■ What you should do ■
Only one stretch of the data below is wanted: the lines starting at the one with "Nikon COOLPIX L3" and ending at the one with "GENERAL GENIUS SW-HF5.1", both included, given again exactly.

■ Data for analysis ■
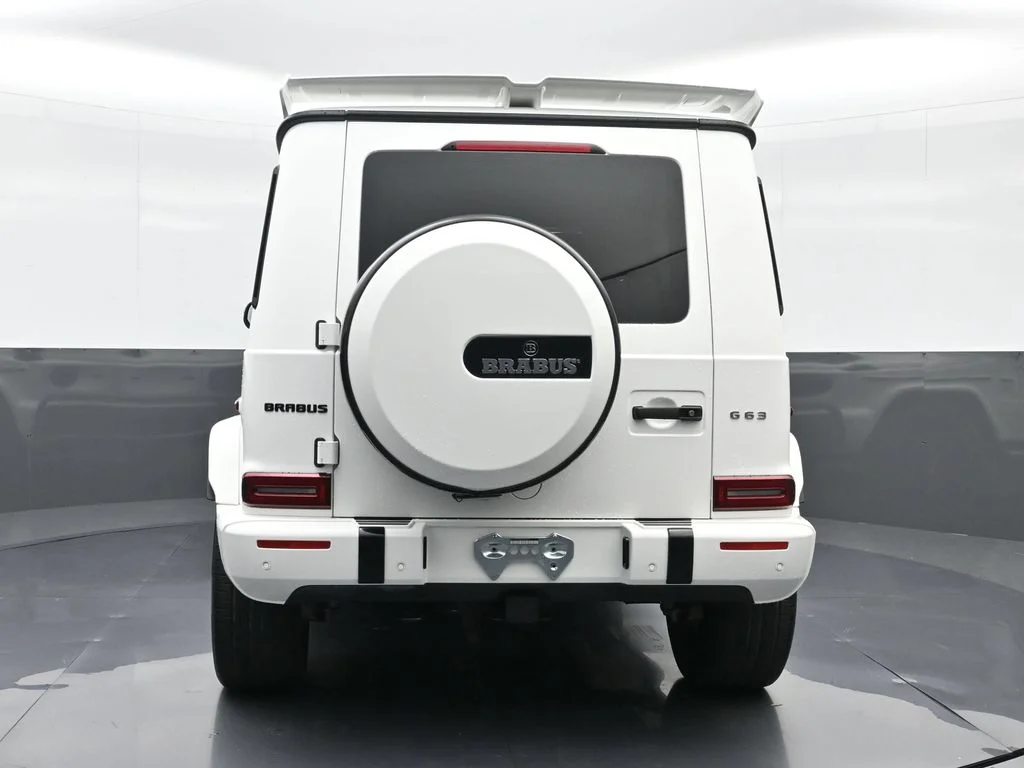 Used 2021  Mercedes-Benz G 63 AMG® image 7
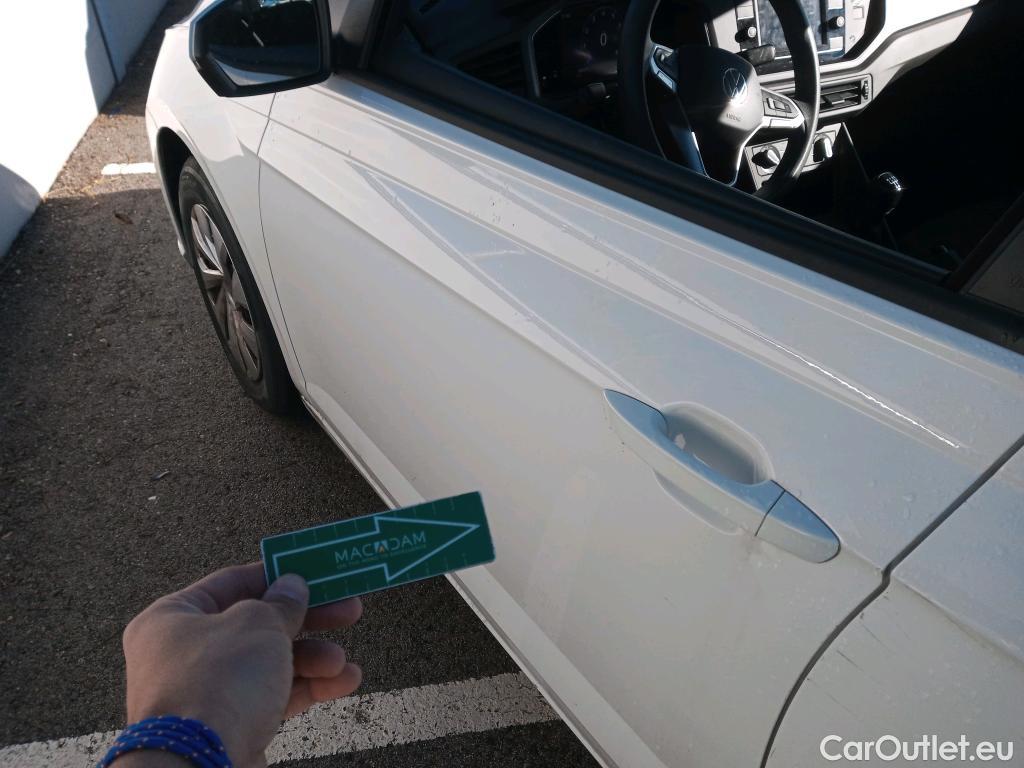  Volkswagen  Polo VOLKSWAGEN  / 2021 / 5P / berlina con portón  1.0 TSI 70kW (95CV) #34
...
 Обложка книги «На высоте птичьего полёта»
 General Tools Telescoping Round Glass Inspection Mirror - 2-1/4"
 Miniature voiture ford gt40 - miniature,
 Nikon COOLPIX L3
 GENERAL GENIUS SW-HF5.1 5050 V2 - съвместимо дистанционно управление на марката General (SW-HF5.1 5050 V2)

■ Answer to the exercise ■
 Nikon COOLPIX L3
 GENERAL GENIUS SW-HF5.1 5050 V2 - съвместимо дистанционно управление на марката General (SW-HF5.1 5050 V2)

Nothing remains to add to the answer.